Peter Weiss (born Nov. 8, 1916, Nowawes, near Potsdam, Ger.—died May 10, 1982, Stockholm, Swed.) German dramatist and novelist whose plays achieved widespread success in both Europe and the United States in the 1960s.
The son of a textile manufacturer who was Jewish by origin but Christian by conversion, Weiss was brought up a Lutheran. In 1934 he and his family were forced into exile by Nazi persecution. He lived in England, Switzerland, and Czechoslovakia before settling, in 1939, in Sweden. He painted and made films (which showed the influence of the Surrealists) and also illustrated a Swedish edition of the Thousand and One Nights. Later he turned to fiction and drama. His early works were in Swedish, but by 1950 he had decided to publish in German. His initial literary influence was the novelist Franz Kafka, whose dreamlike world of subtle menace and frustration impressed Weiss. An important later influence was the American writer Henry Miller.

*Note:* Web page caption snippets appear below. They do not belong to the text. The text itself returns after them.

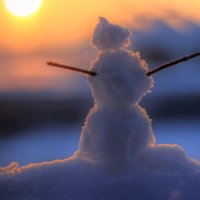 *** :: Сергей Григорьев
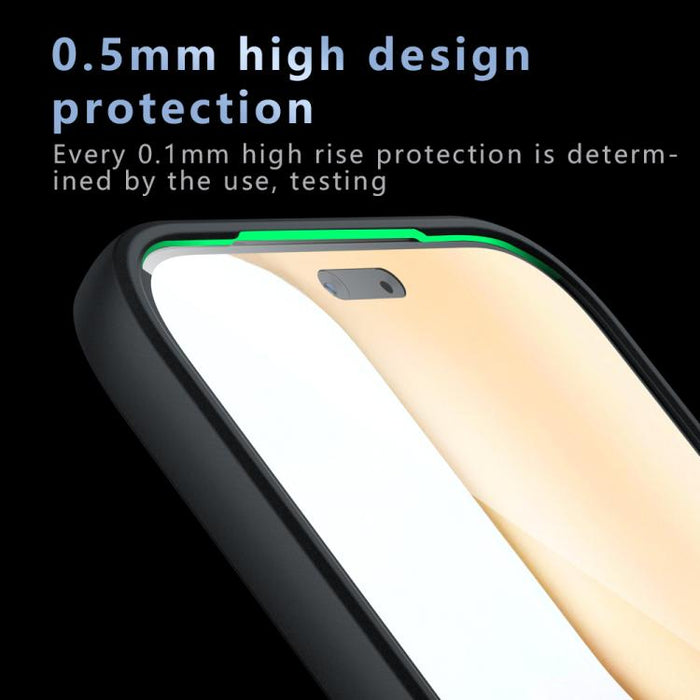 Funda para teléfono híbrida de PC TPU con soporte magnético Armor, For Redmi Turbo 5 Max / Poco X8 Pro Max, For Redmi Note 15 Pro+ 5G Global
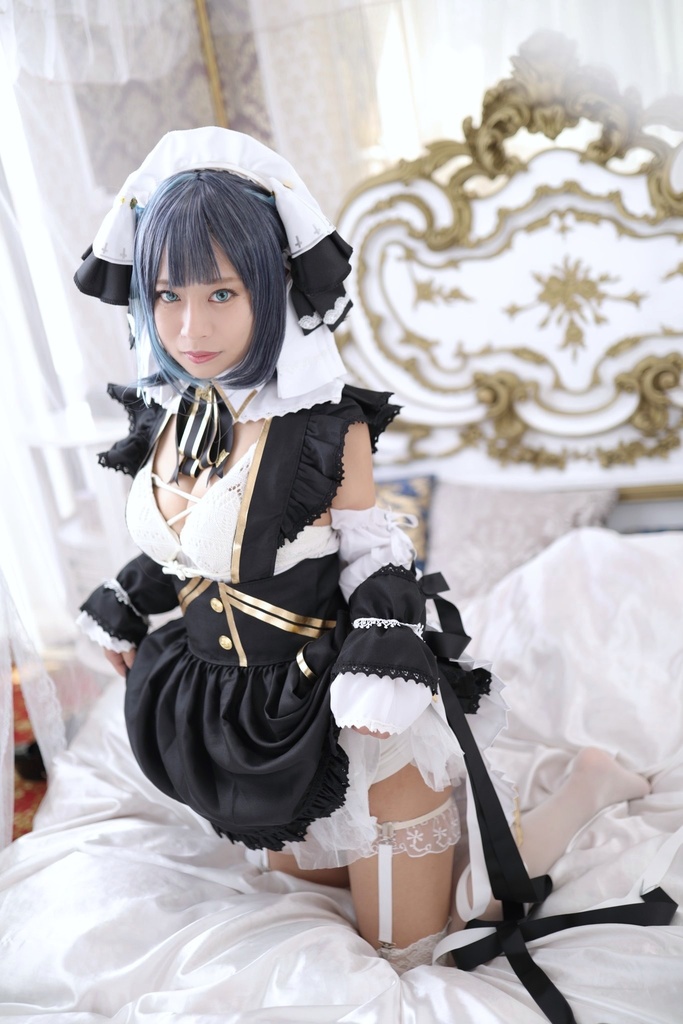 『ROM×2+ランダムチェキ×1』【CH29&エアコミケ】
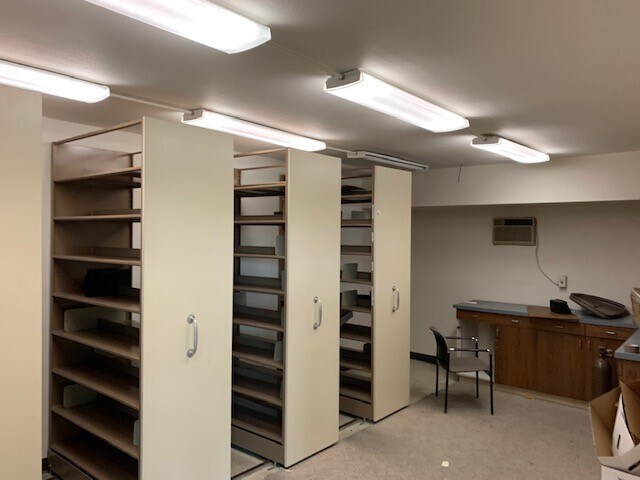 More Photos Of 2441 N Sierra Way, San Bernardino Bank For Sale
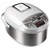 Redmond RMC-FM4521 White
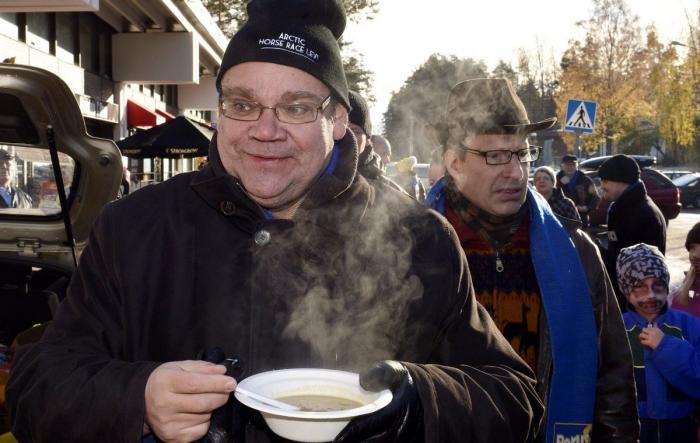 El SPD alemán gana en Hamburgo y la ultraderecha se mantiene en el parlamento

Weiss’s Die Verfolgung und Ermordung Jean Paul Marats, dargestellt durch die Schauspielgruppe des Hospizes zu Charenton unter Anleitung des Herrn de Sade (The Persecution and Assassination of Jean-Paul Marat as Performed by the Inmates of the Asylum of Charenton Under the Direction of the Marquis de Sade, usually referred to as Marat/Sade) pits the ideals of individualism and of revolution against each other in a setting in which madness and reason seem inseparable. The play was first performed in West Berlin in 1964 and received a celebrated staging in New York City in 1965 by Peter Brook, who filmed it in 1967. Die Ermittlung (1965; The Investigation) is a documentary drama re-creating the Frankfurt trials of the men who carried out mass murders at Auschwitz; at the same time, it attacks later German hypocrisy over the existence of concentration camps and investigates the root causes of aggression. Weiss’s other plays include documentary dramas attacking Portuguese imperialism in Angola, Gesang vom lusitanischen Popanz (1967; The Song of the Lusitanian Bogey); and American policy in the Vietnam War, Viet Nam Diskurs (1968; Discourse on Viet Nam).

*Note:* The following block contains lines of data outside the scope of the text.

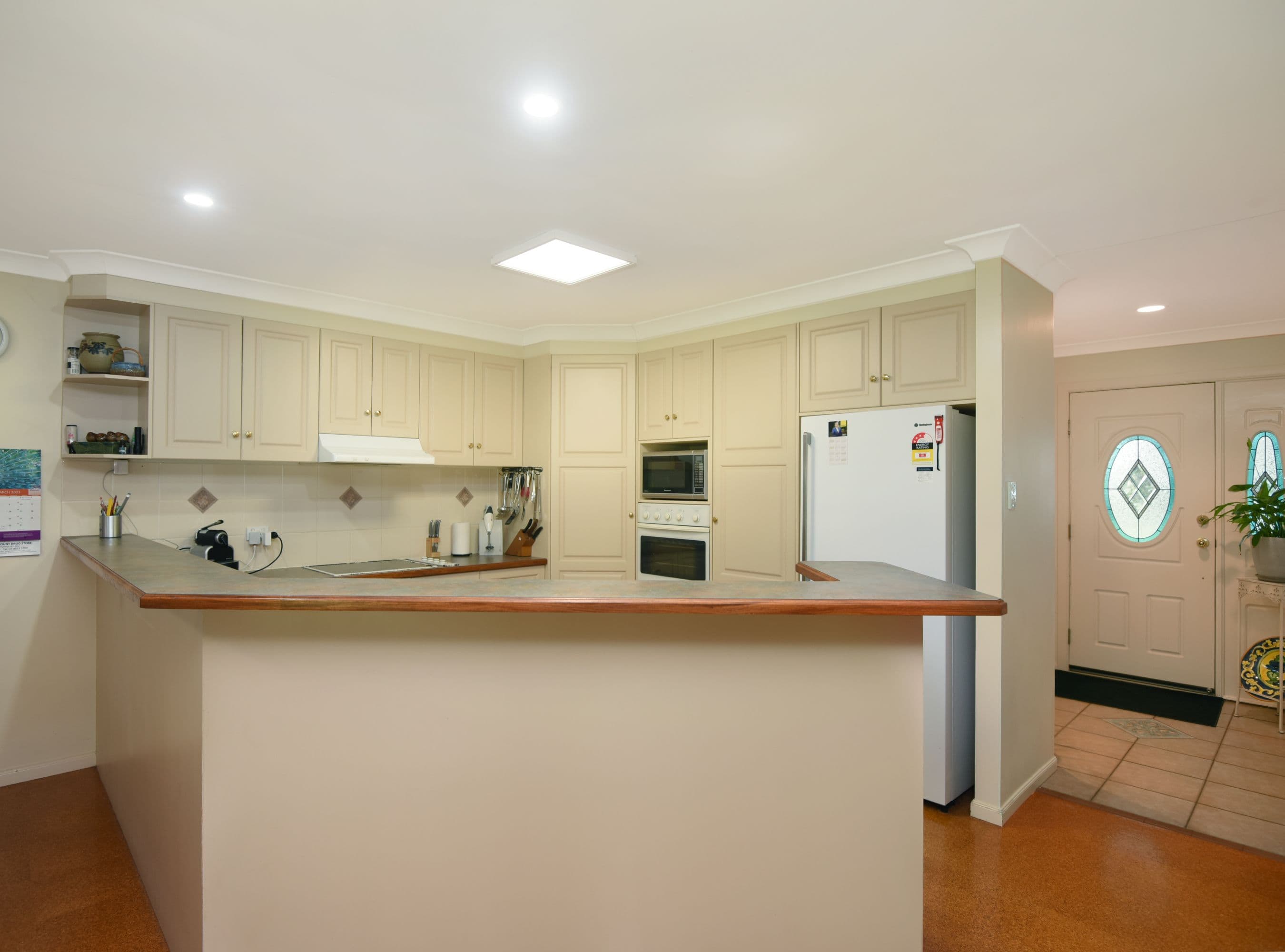 42 Cawdor Road, Highfields QLD 4352, Highfields - Thumbnail 3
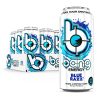 Blue Razz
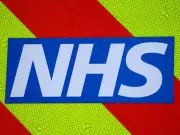 NHS-Approved Phone Trick Helps People Drink Six to Eight Glasses of Water Daily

Weiss wrote three autobiographical novels: Der Schatten des Körpers des Kutschers (1960; “The Shadow of the Body of the Coachman”), Abschied von den Eltern (1961; The Leavetaking), and Fluchtpunkt (1962; Exile). He won a number of literary awards, including the Charles Veillon Prize for Fluchtpunkt in 1963 and the Georg Büchner Prize in 1982. He was also a member of Gruppe 47, an association of German-speaking writers formed after World War II.